There are 19 completely annotated microbial genomes with REPs that correspond to 13 species of bacteria (Table 1) [see Additional file 14], and in all of them, we have investigated all the points of insertion of mobile elements. We have used the genome annotations available at the NCBI website [47]

Multiple alignments of the sequences have been obtained using the program Multalign [48, 49] and CLUSTAL W [50, 51]. In some cases, the extremes of the ISs were not clearly defined and we have defined them by comparing and aligning the sequences of all copies.

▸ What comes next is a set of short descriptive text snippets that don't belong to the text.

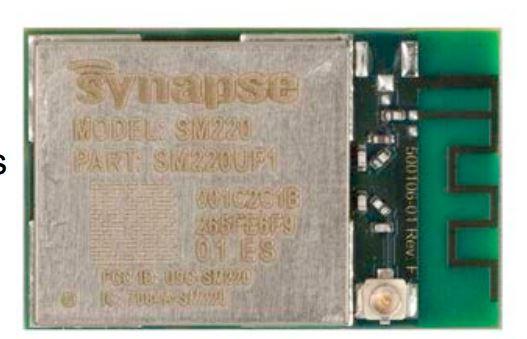 Synapse Wireless Inc-SM220UF1  SM220UF1 Synapse Wireless Inc 802.15.4 LR-WPAN 0 Snap SOC 2400MHz 2000Kbps 64-Pin SMD Module - Arrow.com
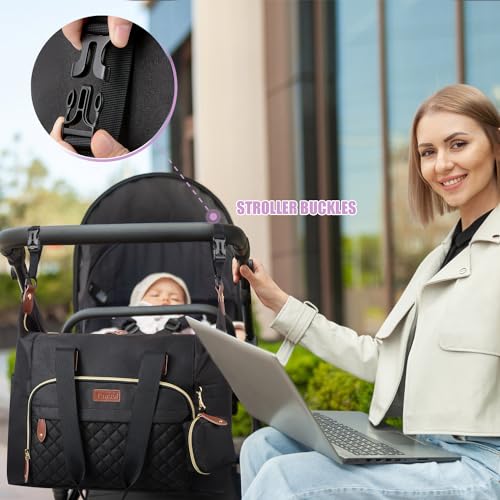 Tuwubi Diaper Bag Tote,Baby Diaper Bag with Pacifier Case - color: Black, size: Large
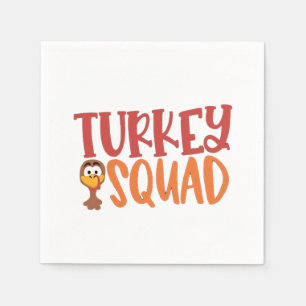 Turkey Squad Matching Outfit Turkey Thanksgiving  Napkin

Manual correction of some alignments and alignment of fragments was necessary in cases of partial sequences and copies with internal insertions.

We have defined the boundaries of each IS copy based on data obtained from the annotations of the genomes and from ISfinder database [52], but in many cases, there were not available data and we have studied the IS ends by managing multiple alignment data and the meticulous analysis of the sequences.

To facilitate the detection of association between the genome positions corresponding to REP elements and IS genome positions, we have used C++ programming.

To analyze the domain structure of ISs we have used Pfam database [53, 54].

After analyzing the presence of REP sequences in the extragenic regions flanking the 981 instances of mobile elements present in the 19 analyzed genomes, we considered that there was association between REP sequences and mobile elements when the number of copies was equal or greater than four, and when the percentage of association was greater than 45% (Table 1).